DOCK STREET ELEVATION: prominent round-headed pilastered doorpiece to centre with mask keystone (Neptune?), Peterhead granite anta with decorative capitals, diaper-work at intrados and spandrels, 2-leaf cast-iron gates with sunburst motif 'fanlight' and lettering 'SAILORS' HOME', decorative consoles supporting parapet incorporating base of canted 1st floor oriel, 3-bay door-to-centre shopfront to left, 2-bay shopfront to right, altered shop door to angle at far right, datestone and cartouche above flanked by griffins supporting window above; tripartite and bipartite windows flanking oriel at 1st floor, tripartite to angle at right, windows to 2nd, 3rd and 4th floors arranged from left to right tripartite, bipartite, bipartite, tripartite; segmental pediment at parapet over relief depicting globe flanked by navigators, coped stacks to left and right rising from parapet; round angle tower with windows and corbelled parapet, leaded dome roof with lantern.

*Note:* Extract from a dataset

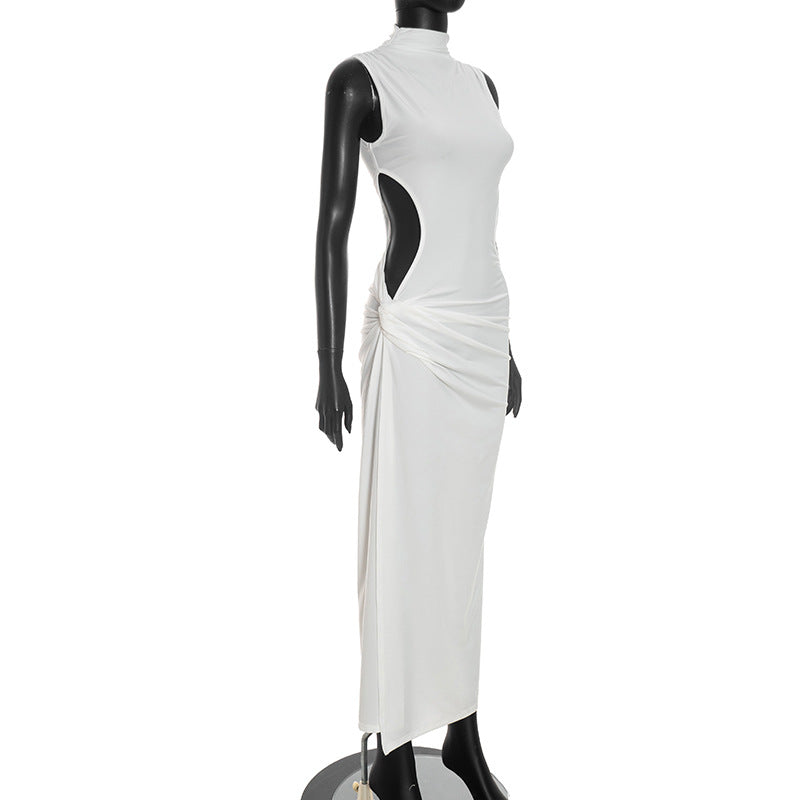 Women's Sleeveless Cutout Maxi Dress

CANDLE LANE ELEVATION: 3-bay shopfront to ground floor left, bipartite to 1st floor flanked by single windows, 4 windows to 2nd, 3rd and 4th floors; 6 bays to right with windows at each floor similar to those at Dock Street elevation.

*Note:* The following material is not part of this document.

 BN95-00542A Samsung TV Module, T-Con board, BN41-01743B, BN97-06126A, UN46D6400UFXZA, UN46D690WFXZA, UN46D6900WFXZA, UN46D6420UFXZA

Chapel to far right: 3-bay gable, stugged sandstone ashlar, grey slate roof. Door to centre with round-headed overdoor inscribed 'SEAMEN'S CHAPEL', paired round-headed panels to left and right, large tripartite round-headed gallery window above, ashlar-coped skews with anchor relief at apex; right return elevation, blank rubble with red brick raised wallhead pertaining to later, now demolished building.

INTERIOR: Home; largely unaltered, scale and platt staircase with decorative cast-iron panel balusters and Jacobean style newel posts, round-headed niches at landings, some decorative plaster cornices. Chapel; derelict, but panelled gallery remains.

Statement of Interest

The names Nelson, Cook, Blake, Wood, Duncan, Dibdin and Napier appear at the wallhead frieze. The building cost about ?12,000 and is a significant part of Dundee's maritime history, reflecting concern for the social and moral welfare of sailors. The cast-iron sunburst motif is perhaps modelled on that in the famous Sailors' Home in Liverpool (demolished). A Tariff card of the 1920s states that use by sailors waned after the 1st World War, and that accommodation was now also provided for 'Commercial Travellers, Chauffeurs, Transport Drivers, Soldiers, Cyclists and Holiday-makers'. There were 34 single and 11 twin bedded rooms, 8 bathrooms, hot and cold water and electric light. It is now (1994) used as a hostel; the chapel is in a dilapidated condition.